- Aim of the exercise -
Leave the pictures out, and transcribe the material below exactly from the line with "Passionfruit Lychee Ice" to the line with "ウールリッチ WOOLRICH キャンバス", both lines included.

- Dataset records -
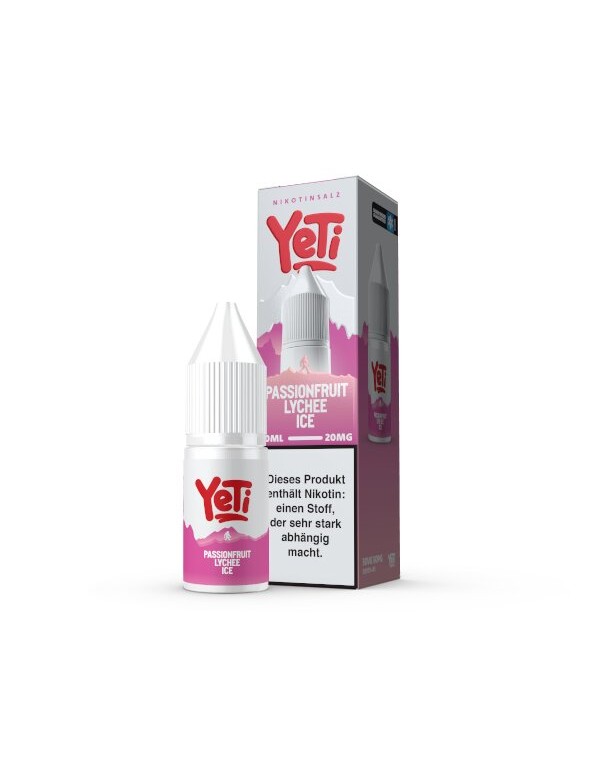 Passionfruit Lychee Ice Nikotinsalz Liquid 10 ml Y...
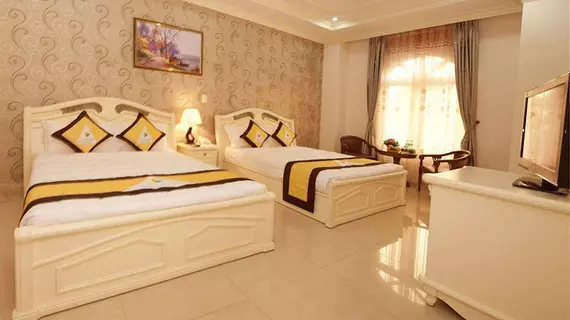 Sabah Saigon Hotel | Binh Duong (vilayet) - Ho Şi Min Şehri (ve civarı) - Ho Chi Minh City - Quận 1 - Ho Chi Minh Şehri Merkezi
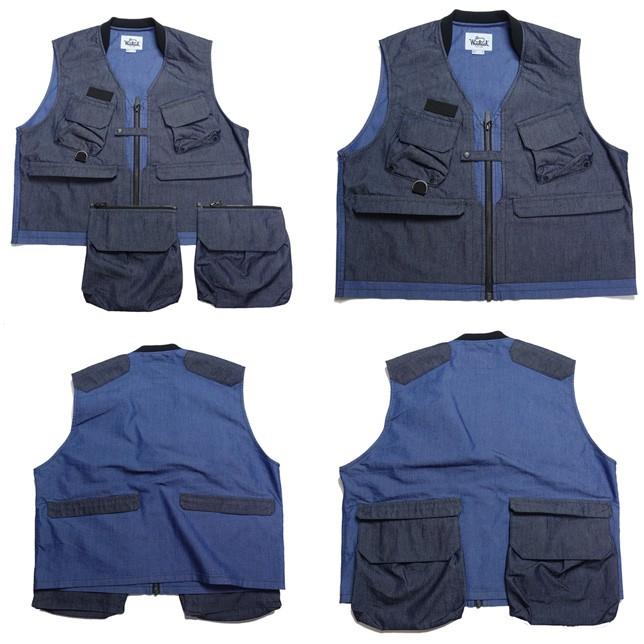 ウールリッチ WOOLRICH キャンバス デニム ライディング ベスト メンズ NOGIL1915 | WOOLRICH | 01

--

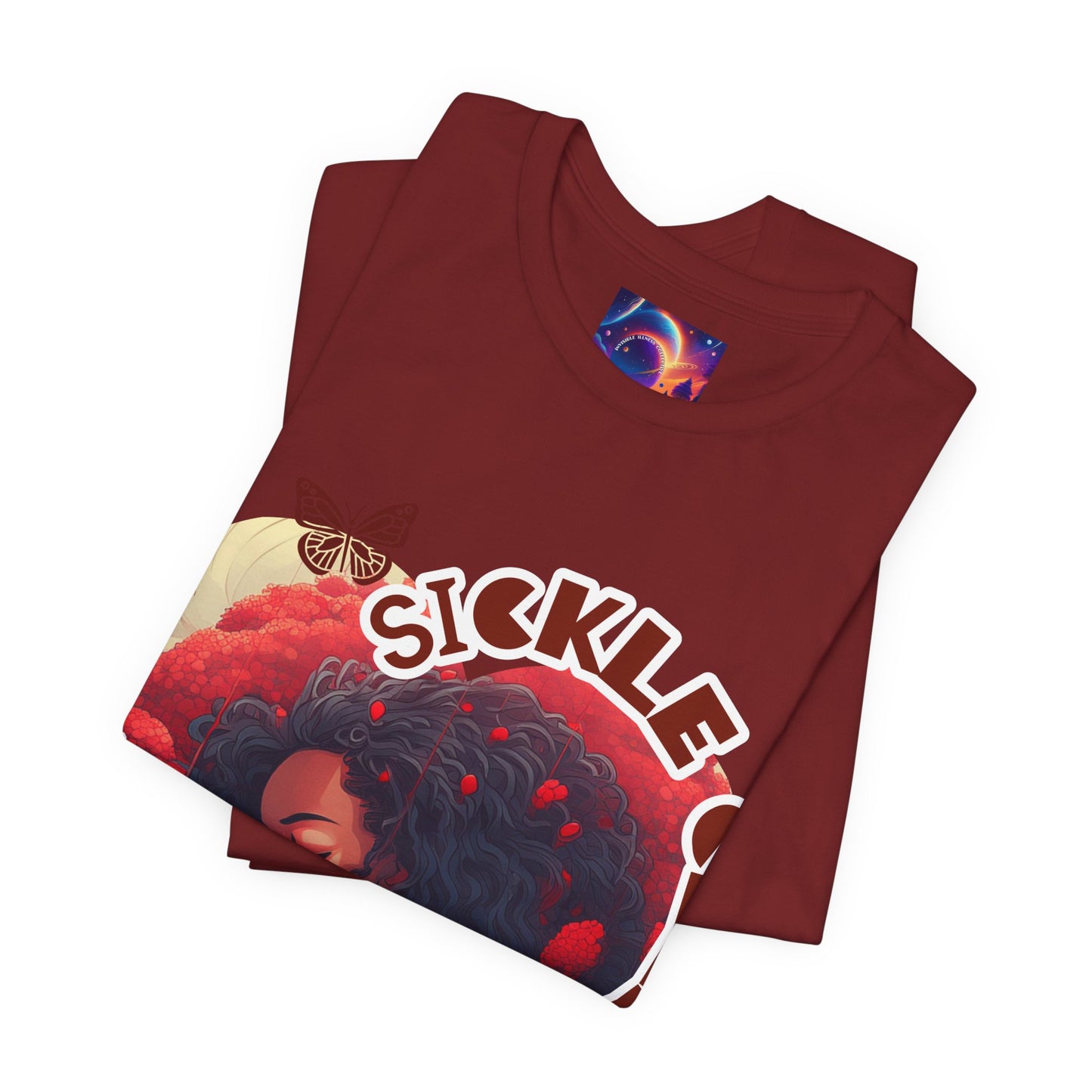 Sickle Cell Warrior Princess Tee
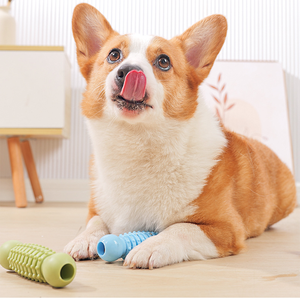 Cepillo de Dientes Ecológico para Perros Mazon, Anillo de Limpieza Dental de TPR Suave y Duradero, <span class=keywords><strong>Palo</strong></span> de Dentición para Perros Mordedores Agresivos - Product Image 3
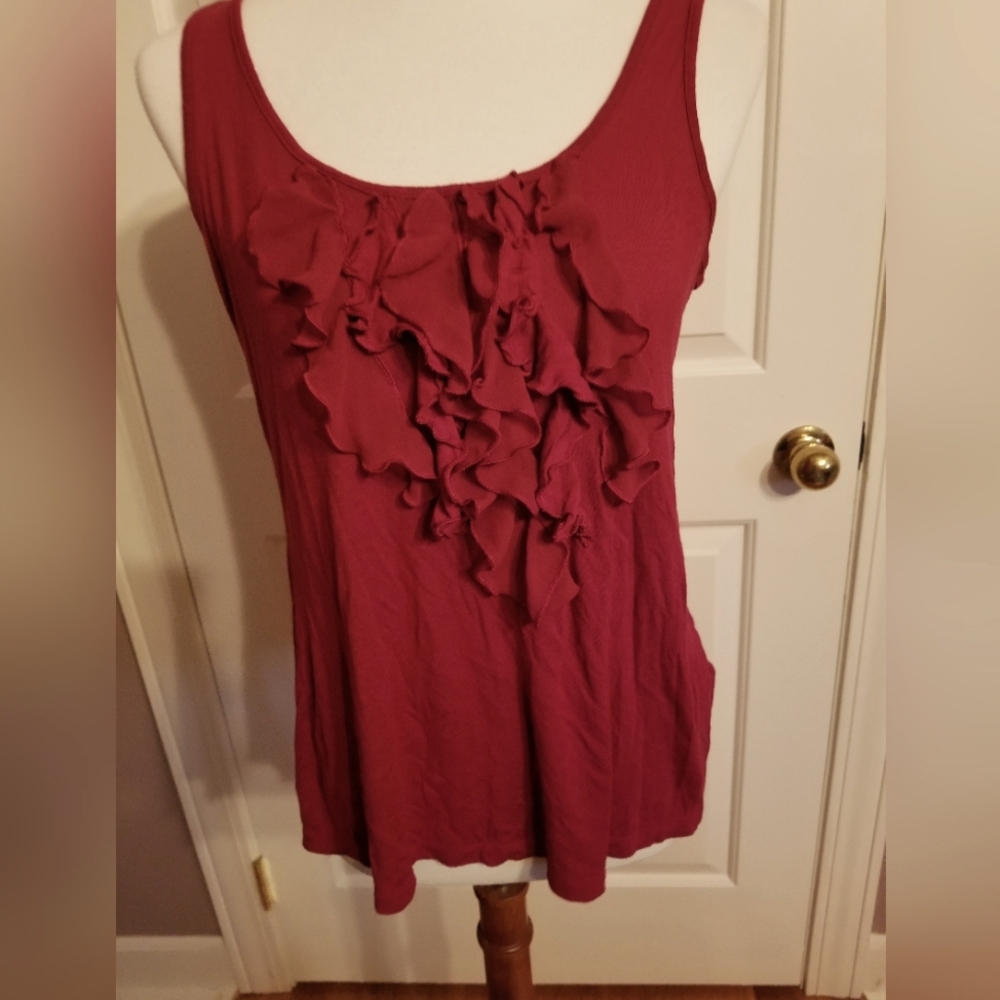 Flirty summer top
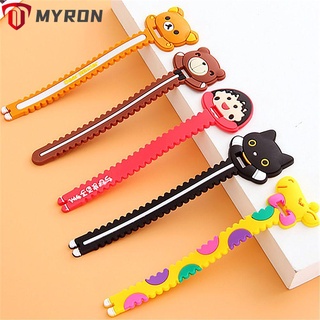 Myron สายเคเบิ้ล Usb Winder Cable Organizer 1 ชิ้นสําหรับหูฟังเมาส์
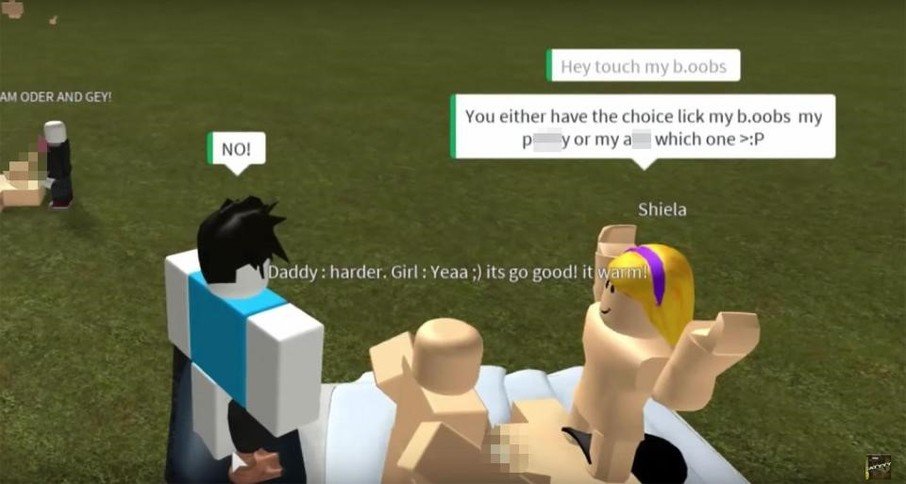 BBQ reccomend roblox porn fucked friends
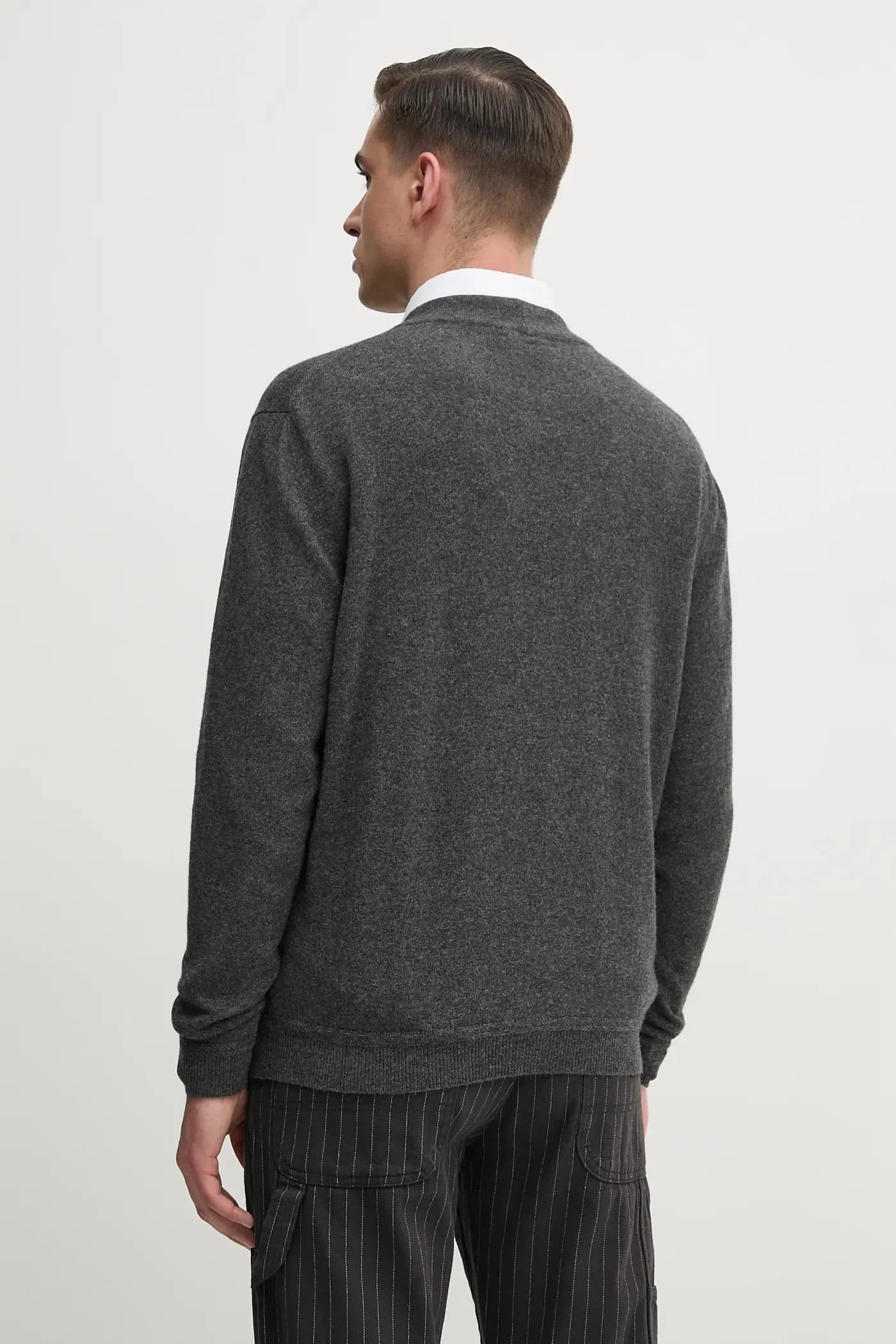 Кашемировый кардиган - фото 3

- Answer box -
 Passionfruit Lychee Ice Nikotinsalz Liquid 10 ml Y...
 Sabah Saigon Hotel | Binh Duong (vilayet) - Ho Şi Min Şehri (ve civarı) - Ho Chi Minh City - Quận 1 - Ho Chi Minh Şehri Merkezi
 ウールリッチ WOOLRICH キャンバス デニム ライディング ベスト メンズ NOGIL1915 | WOOLRICH | 01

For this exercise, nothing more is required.